One of Macro Investor’s Raoul Pal’s favoured prints is the Bloomberg Macro Surprise Index and it is currently plunging deeper into negative territory. i.e. the ‘experts’ keep expecting better economic data than the reality prints.
Another measure of the market potentially getting it wrong is the ratio between the VVIX and VIX. Most readers will be familiar with the VIX being the CBOE’s Volatility Index measuring expected volatility in the S&P500 and generally seen as an index of fear. A less understood index is the VVIX which somewhat ironically is an index that measures the volatility of the volatility index or VIX. Whilst the current ‘everything’s awesome’ market has an understandably low VIX, the VVIX, arguably more traded by ‘smart money’ has been creeping higher. That stronger numerator and declining denominator resulted in a ratio at an historically significant high of 7.5 this week. Per the chart below you will note that each time it has reached such highs a large correction has soon followed:
Last night saw the VIX surged to almost 19.5 and hence the ratio dropped to around 6.7 at the time of writing. This volatility comes after the S&P500 hitting a milestone ‘un-volatile’ 6 months in a row of positive price growth, an extraordinarily rare occurrence and one normally followed by a sizeable correction.

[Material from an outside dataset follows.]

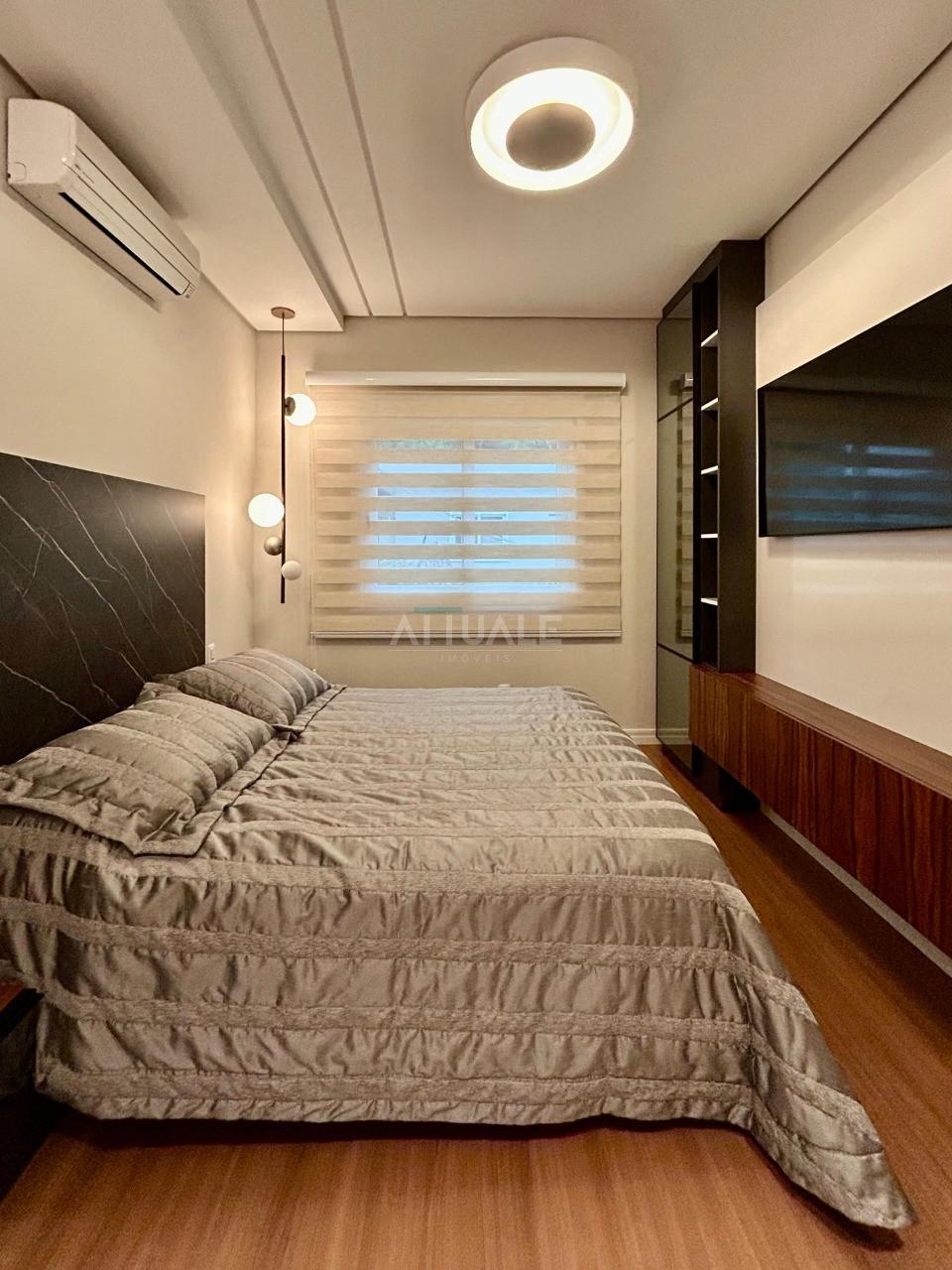 casal suite closet (2)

The VVIX is likely telling us is that a market this extended at a time when its major driver, Fed monetary stimulus, is looking like possibly ‘shocking’ the market through tapering is prone to a big shock itself. And when we say ‘extended’ check out the following from Real Investment Advice’s Lance Roberts:
“This is also where investors should be paying attention to the ‘risk’ they are taking on. As shown, there are few points in history where the index, monthly, is this extended, deviated, and bullish.
There have only been 6-previous points in history where markets were simultaneously this extended, bullish, and overbought. Each of those periods marked more historical performance peaks – 1929, 1937, 1946, 1957, 1987, 1999.
Importantly, the 72-month moving average has acted as long-term running support for the market going back to 1925. Violations of that moving average are rare and only occur during “mean-reverting” bear markets. Currently, a correction to the 72-month moving average would require a 36.5% decline.” 36.5%!
‘But the market is more than the Fed stimulus’ you say. No doubt there has been a strong rebound out of the depths of the initial COVIC recession but it is just that, a rebound. There is simply no getting away from the correlation between the sharemarket and monetary stimulus charted below.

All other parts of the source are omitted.